The next topic in our Data Mining series is the popular algorithm, Time Series. Since business users want to forecast values for areas like production, sales, profit, etc., with a time parameter, Time Series has become an important data mining tool. It essentially allows analyzing the past behavior of a variable over time in order to predict its future behavior.
Components in Time Series
A time series consists of five components:
- Trend: Trend is the movement of the values. Typically, a given series will have an upward or downward trend
- Cyclical: Upward or downward repetitive movement of the values over a longer period of time
- Seasonal: Similar to cyclical, but there can be multiple movements of the values over shorter periods of time, such as hourly, daily, weekly, monthly, etc.

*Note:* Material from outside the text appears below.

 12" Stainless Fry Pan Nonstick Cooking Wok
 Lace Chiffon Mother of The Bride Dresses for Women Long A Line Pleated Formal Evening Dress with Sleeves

- Random: There can be movements in the data values which are totally random but will have an impact on the time series trend. A time-series analysis should identify these exceptions, and account for them in predictions
- Cross: Other factors may affect the trend of a time series. For example, sales of item A may be dependent on seasonal factors, but may also be affected by the sales of item B. If we take the production of a crop as an example, it will be dependent on rainfall or temperature trends
Times Series in SQL Server
To demonstrate time series analysis using SQL Server, we will use the vTimeSeries view in the AdventureWorksDW2017 sample database. Here is the sample data set:
We will use only the first four columns, which are ModelRegion, TimeIndex, Quantity and Amount.

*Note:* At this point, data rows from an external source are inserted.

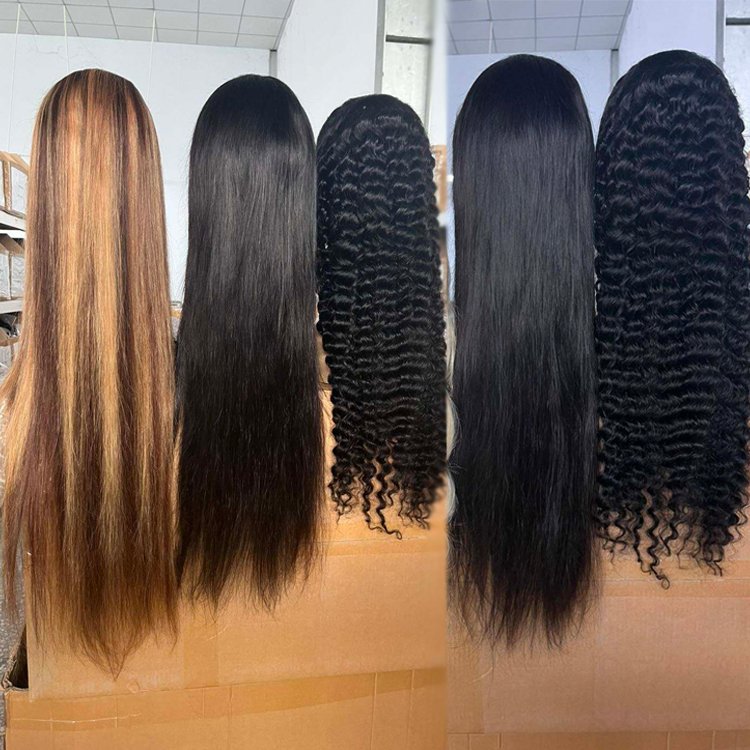 Wholesale Human Hair Wigs Brazilian Hair Jerry Curly Lace Front Wig Without Glue Ready To Go Glue Less Human Hair Wigs
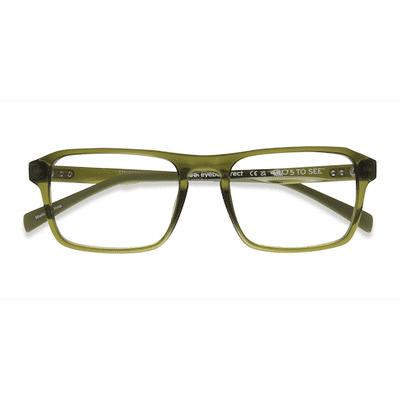 Male s rectangle Clear Green Plastic Prescription eyeglasses - Eyebuydirect s Stormwind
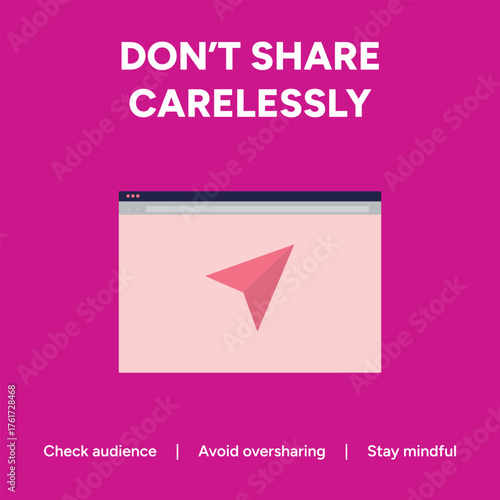 Vector art of an illustration of a paper airplane in a browser window, reminding users not to share carelessly and to check audience and stay mindful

As discussed in the first article, create a sample analysis service project with Visual Studio or SQL Server Data Tools (SSDT). Then, create a Data Source connection to the AdventureWorksDW2017 database and add the vTimeSeries view to the Data Source View.
Next, create a Mining Structure with the Microsoft Time Series data mining technique. Select it from the available list of data mining techniques.
Then, select the necessary attributes to create the Time Series model. The Time Series model needs two compulsory parameters and one optional parameter. It requires a single time column which will be the key for the model. This has to be a column with the same intervals. For example, if you have monthly data, the entire data set should be monthly and should not contain different intervals of data. Another compulsory column is the column that you want to predict from the Time Series technique. This should be a continuous and numerical variable such as sales, temperature, quantity, etc.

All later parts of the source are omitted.